**About this exercise:** Print exactly the lines below between the line containing "Langston - $400, an" and the line containing "a bunch of berries hangs from a nch", counting both of those lines. Leave pictures out.

**Data records:**
════════════════════

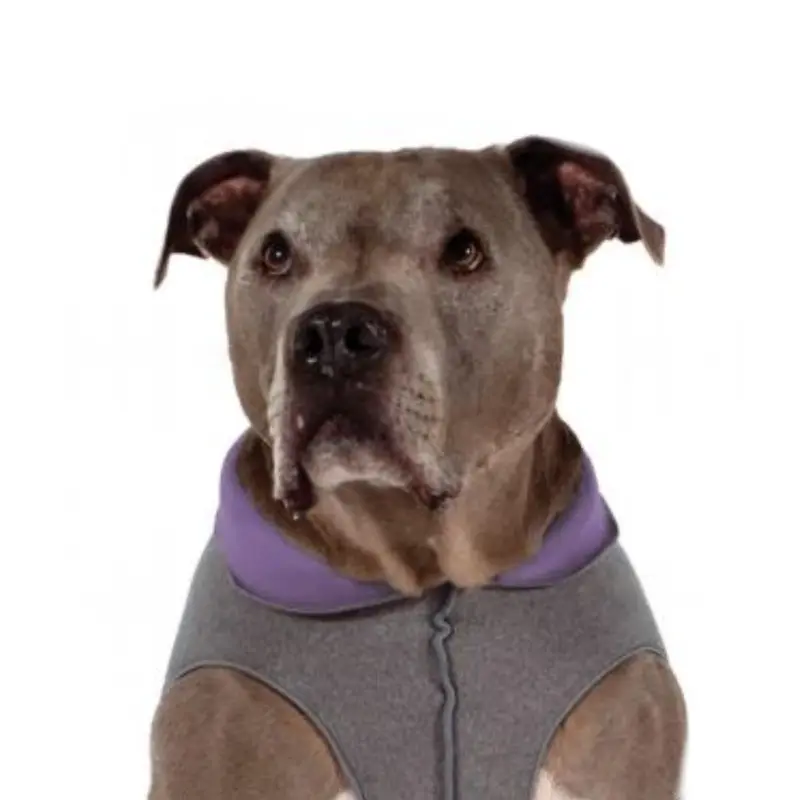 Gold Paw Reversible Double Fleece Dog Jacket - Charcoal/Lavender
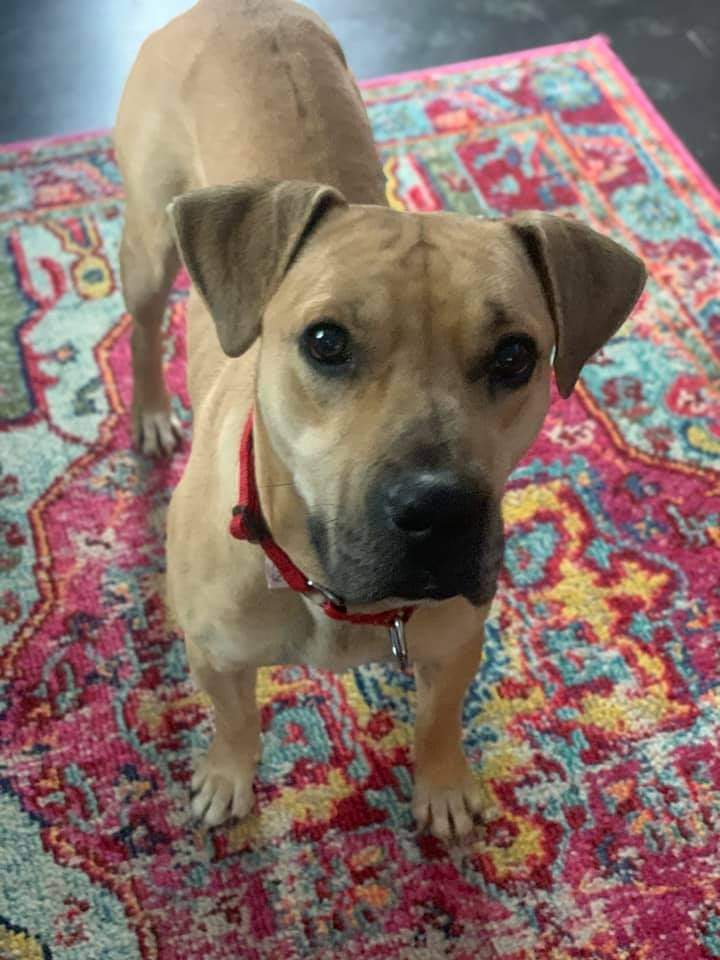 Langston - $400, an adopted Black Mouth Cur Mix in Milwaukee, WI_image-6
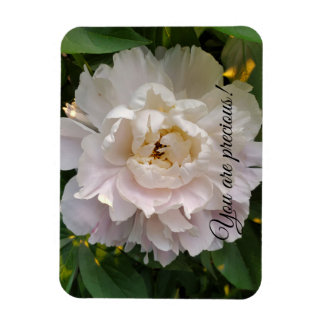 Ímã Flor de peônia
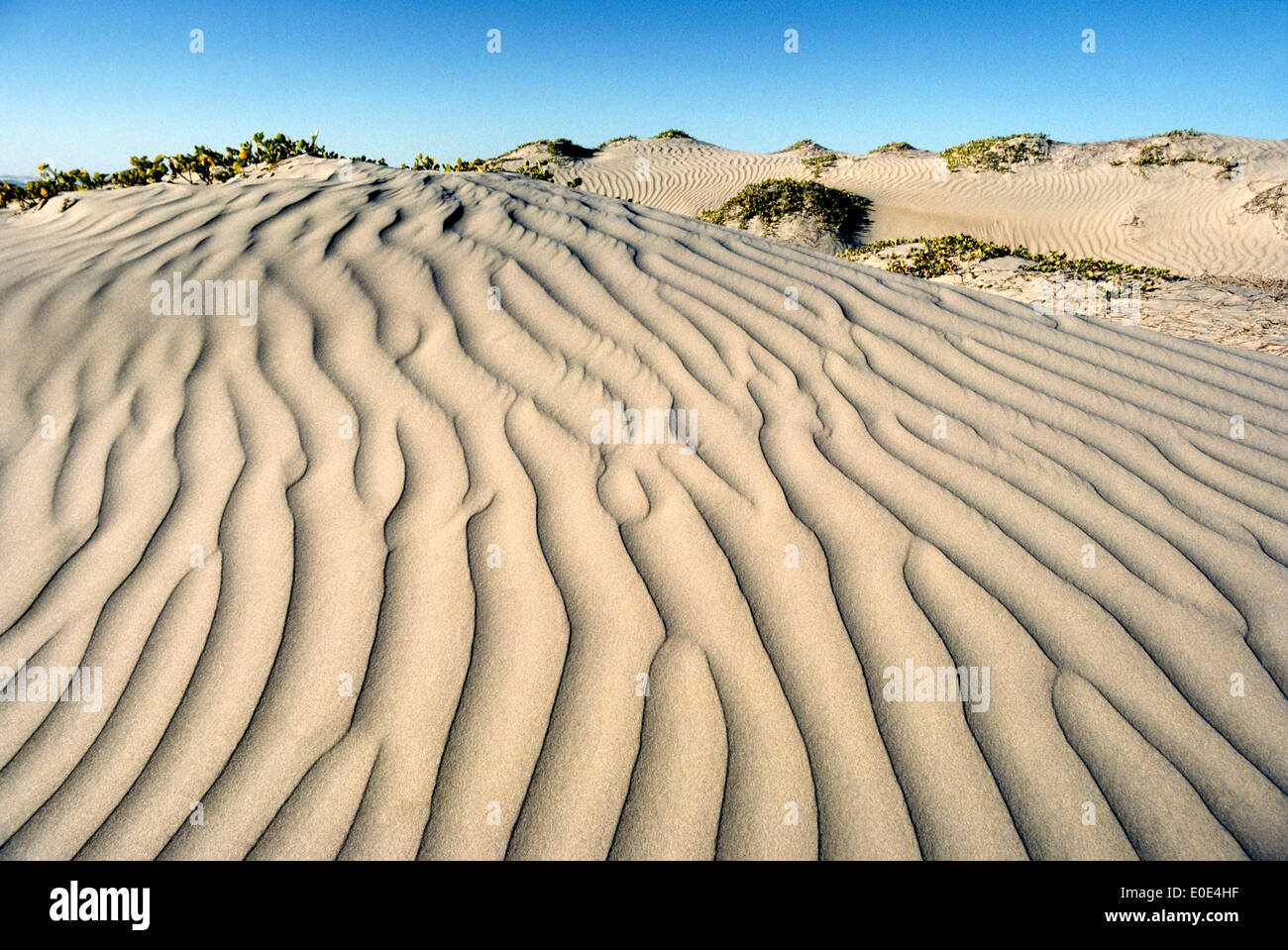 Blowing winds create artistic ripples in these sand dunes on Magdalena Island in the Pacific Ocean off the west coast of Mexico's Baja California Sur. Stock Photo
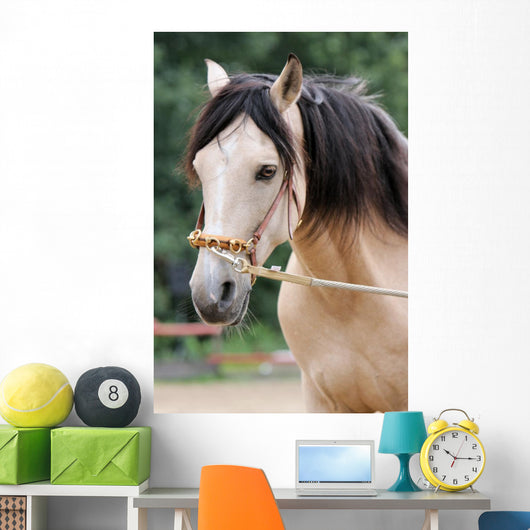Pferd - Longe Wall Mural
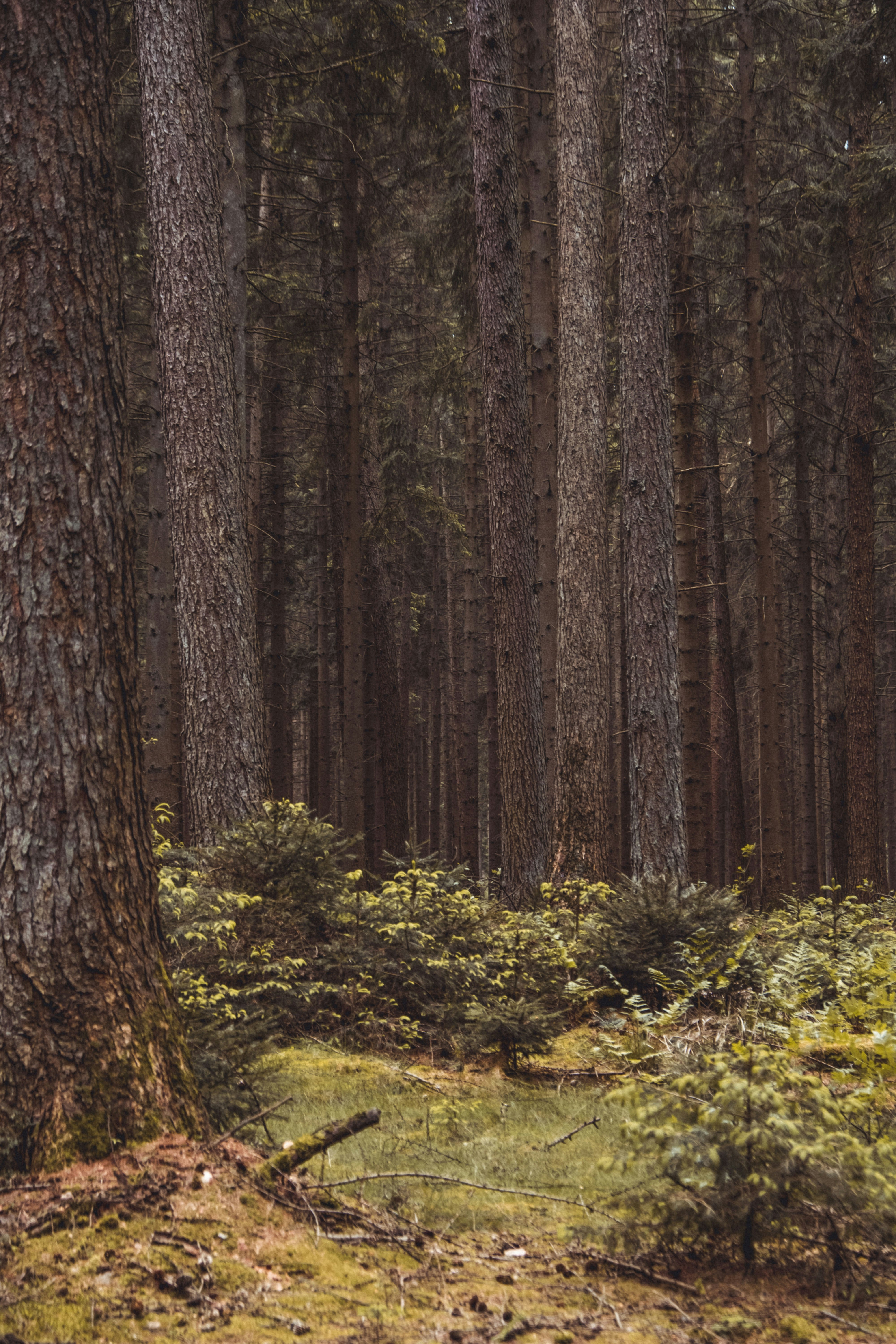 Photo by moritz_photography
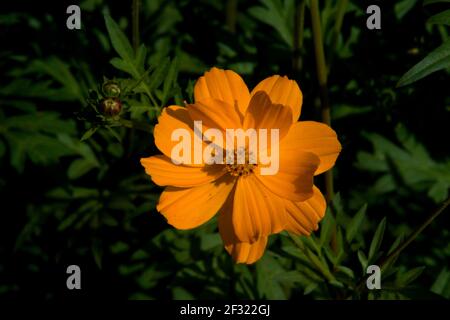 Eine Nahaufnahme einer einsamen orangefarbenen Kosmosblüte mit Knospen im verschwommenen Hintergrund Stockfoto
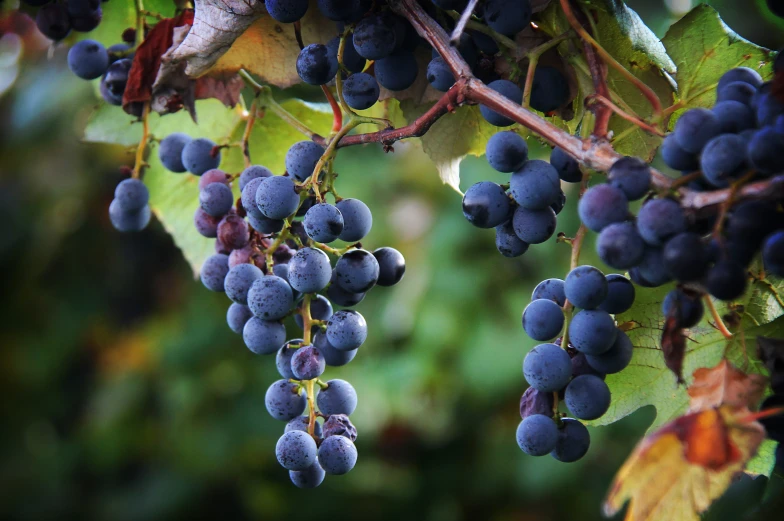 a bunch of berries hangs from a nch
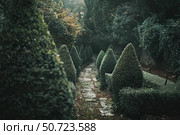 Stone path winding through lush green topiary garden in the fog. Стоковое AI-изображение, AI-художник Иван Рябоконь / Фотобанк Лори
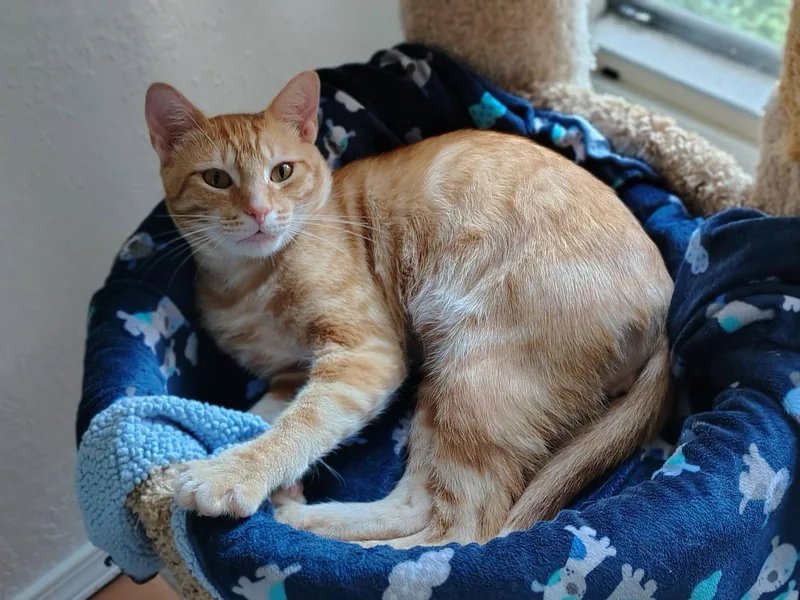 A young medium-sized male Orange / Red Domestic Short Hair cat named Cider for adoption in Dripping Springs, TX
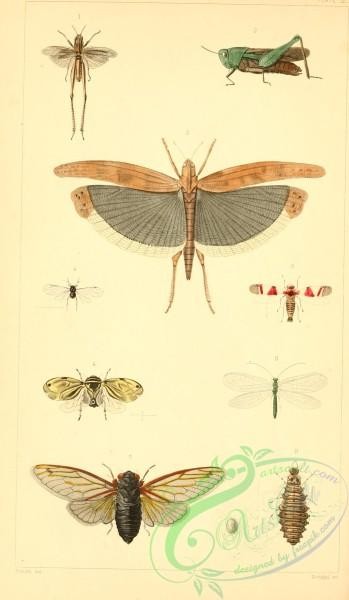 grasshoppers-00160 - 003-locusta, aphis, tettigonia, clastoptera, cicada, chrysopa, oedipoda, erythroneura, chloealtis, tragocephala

════════════════════

**Your solution:**
 Langston - $400, an adopted Black Mouth Cur Mix in Milwaukee, WI_image-6
 Ímã Flor de peônia
 Blowing winds create artistic ripples in these sand dunes on Magdalena Island in the Pacific Ocean off the west coast of Mexico's Baja California Sur. Stock Photo
Pferd - Longe Wall Mural
 Photo by moritz_photography
 Eine Nahaufnahme einer einsamen orangefarbenen Kosmosblüte mit Knospen im verschwommenen Hintergrund Stockfoto
 a bunch of berries hangs from a nch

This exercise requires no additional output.